When did kids stop knowing how to play? When I was a kid the rule was: come home from school, disappear until dinner, show up for food and go to sleep. My parents never watched us. And they didn’t provide us with any “props” to facilitate our entertainment. Okay, I had one of those geo-domes and a zip line. But I barely used them. What was the point? The neighborhood was my oyster! All of the kids would get together after school and climb trees, play Red Rover, and ride bikes around and around (and around and around and around…) in the wide circular driveway behind my house until my dad, irritated by our repetitive cycling came outside yelling “ENOUGH ALREADY!” That’s the way frolicking was done in the olden days.
This is my fault.
My kids have just never really frolicked. We live in a big city and they play inside where it’s safe. They have video games, a playroom filled with toys, and a jacuzzi in the courtyard that I let them splash around in occasionally. But the big outdoors scares them. The most freedom my kids have enjoyed is riding their bikes in the street. It sounds dangerous, but bike riding in my neighborhood consists of a grown-up, (i.e. “me”) standing in the middle of the street or sitting on the curb watching vigilantly in both directions for any car movement. If I see any car along any road nearby I yell “CAR!” and the kids know to scatter immediately to the side of the road. When the car is gone, I yell “CLEAR!” and they resume their riding. That’s it. And I sit right there the whole time…yelling…”CAR!” “CLEAR!” “CAR!…NO WAIT!…CLEAR!’

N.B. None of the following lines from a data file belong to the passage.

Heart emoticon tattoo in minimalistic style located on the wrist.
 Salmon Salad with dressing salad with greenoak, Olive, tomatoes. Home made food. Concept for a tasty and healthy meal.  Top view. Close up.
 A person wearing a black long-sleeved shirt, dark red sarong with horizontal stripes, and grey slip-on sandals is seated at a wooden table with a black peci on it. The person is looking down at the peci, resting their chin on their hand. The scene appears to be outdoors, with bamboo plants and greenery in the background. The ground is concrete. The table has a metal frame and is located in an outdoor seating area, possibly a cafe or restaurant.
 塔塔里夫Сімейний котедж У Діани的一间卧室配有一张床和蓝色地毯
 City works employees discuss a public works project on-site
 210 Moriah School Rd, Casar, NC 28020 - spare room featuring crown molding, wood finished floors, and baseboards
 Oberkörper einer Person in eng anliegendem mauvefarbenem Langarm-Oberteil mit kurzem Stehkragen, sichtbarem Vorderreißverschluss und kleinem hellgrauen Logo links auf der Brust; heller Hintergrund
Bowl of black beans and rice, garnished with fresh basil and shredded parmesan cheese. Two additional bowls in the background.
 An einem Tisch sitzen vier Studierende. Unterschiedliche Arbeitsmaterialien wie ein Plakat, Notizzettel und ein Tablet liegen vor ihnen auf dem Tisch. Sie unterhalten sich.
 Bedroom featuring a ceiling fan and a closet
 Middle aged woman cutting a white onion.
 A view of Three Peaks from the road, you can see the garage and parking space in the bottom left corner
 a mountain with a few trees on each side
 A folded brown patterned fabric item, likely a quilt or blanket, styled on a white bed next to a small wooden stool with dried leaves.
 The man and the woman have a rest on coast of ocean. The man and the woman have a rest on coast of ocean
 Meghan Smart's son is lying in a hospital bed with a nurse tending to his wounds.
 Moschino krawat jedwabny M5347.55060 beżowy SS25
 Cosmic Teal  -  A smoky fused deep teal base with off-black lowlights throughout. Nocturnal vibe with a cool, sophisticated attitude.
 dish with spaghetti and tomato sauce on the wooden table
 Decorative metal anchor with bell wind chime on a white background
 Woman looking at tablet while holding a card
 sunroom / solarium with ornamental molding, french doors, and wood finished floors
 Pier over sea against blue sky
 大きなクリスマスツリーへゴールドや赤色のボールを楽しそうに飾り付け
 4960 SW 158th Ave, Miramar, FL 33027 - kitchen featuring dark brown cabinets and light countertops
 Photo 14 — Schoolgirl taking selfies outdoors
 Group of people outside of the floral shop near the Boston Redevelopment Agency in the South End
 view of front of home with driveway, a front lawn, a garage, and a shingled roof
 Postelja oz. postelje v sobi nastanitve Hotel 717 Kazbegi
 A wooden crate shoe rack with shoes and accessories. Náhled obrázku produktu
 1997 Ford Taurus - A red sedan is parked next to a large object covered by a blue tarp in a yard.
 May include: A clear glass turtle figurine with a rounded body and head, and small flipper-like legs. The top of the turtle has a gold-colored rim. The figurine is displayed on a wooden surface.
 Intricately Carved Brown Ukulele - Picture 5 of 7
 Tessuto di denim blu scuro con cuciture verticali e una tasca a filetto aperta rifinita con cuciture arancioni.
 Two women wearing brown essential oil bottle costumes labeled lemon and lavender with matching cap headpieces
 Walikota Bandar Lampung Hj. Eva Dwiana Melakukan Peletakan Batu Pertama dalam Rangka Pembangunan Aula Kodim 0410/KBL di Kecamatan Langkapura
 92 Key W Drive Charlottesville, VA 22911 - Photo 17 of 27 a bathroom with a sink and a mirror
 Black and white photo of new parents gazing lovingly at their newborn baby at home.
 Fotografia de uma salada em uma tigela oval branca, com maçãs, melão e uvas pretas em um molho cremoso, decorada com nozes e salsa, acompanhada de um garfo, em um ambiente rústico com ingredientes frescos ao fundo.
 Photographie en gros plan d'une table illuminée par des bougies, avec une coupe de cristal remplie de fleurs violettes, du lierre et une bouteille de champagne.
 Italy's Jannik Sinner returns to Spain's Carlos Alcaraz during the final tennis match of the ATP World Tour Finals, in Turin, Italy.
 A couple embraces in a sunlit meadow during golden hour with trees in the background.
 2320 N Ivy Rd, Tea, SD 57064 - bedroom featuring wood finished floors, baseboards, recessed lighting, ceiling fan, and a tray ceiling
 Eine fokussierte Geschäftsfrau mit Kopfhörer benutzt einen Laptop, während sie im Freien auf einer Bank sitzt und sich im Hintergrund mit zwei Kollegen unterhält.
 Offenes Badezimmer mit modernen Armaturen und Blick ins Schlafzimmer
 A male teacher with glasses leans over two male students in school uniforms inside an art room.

It’s unproductive. And quite frankly, it’s boring. Once I invited my neighbors to join me for a little curbside cocktail hour as we watched our kids riding up and down the street and took turns yelling “CAR!” and “CLEAR!” and “PASS THE WINE.” It made it more entertaining. But you can’t really do that everyday, can you?
So you can see why, when I look out my window of our summer house in the mountains and see my kids rolling down the hill in the front yard, chasing each other and “frolicking” outside I am so pleased.
It wasn’t easy to get here. Our first day in the house I opened the back door to the yard and said “Go.” They stood there and looked out at the wide expanse of foreign territory blinking.
“GO!” I tried to shoo them out the door.
“Are you coming with us?”
“Nope. I’m going to be right here in the kitchen cleaning up. I can see you through the window. Go play! Have fun!”
“Are there bears?”
“No there aren’t any bears. Well, there might be, but they’re not interested in coming into our yard while you’re running around.”
“Really?”
“Really.” I hoped I was right. But I wasn’t going to give them the bear excuse to bow out of playing in the yard.
“We’re scared.”
“Scared? Of what? Grass? Leaves? Fresh air?? You’re totally safe. Look how beautiful it is! Go play!” I pointed to the lovely vista of rolling hills behind our house. They were unconvinced.
“What are we supposed to do out there?” I couldn’t believe they would look at this gorgeous yard and not know what to do with it. “You can play catch! You can play tag! You can roll around on it.”
“How do you do that?”
“Roll?” I was beside myself. I had had enough of this. I took them both outside by the hand to the top of a small hill and literally showed them how to roll down a hill.
“WEEEEEEEEE!!!! I added enthusiastic sound effects to emphasize how much fun I was having. “Come on! Try it.”
Livi got down on the grass and rolled. She rolled a little sideways, and partially under a bush but she was laughing like it was the funniest thing she had ever done. Ben, convinced by Livi’s laughter, followed her down. Somehow between all of us rolling, picking buttercups, playing tag, and me throwing a raw hot dog out into the field to convince the kids there was something more interesting to the bears than they are, they started to relax and have fun.
And like a parent watching their child balance on a bicycle for the first time, I let go and slowly backed toward the house. I closed the screen door behind me, came into the kitchen and poured myself a glass of lemonade. I could see through the back window they were having fun. They were happy. They were safe. They were frolicking!
I sat down, took a leisurely swig of my lemonade, and yelled “CLEAR!”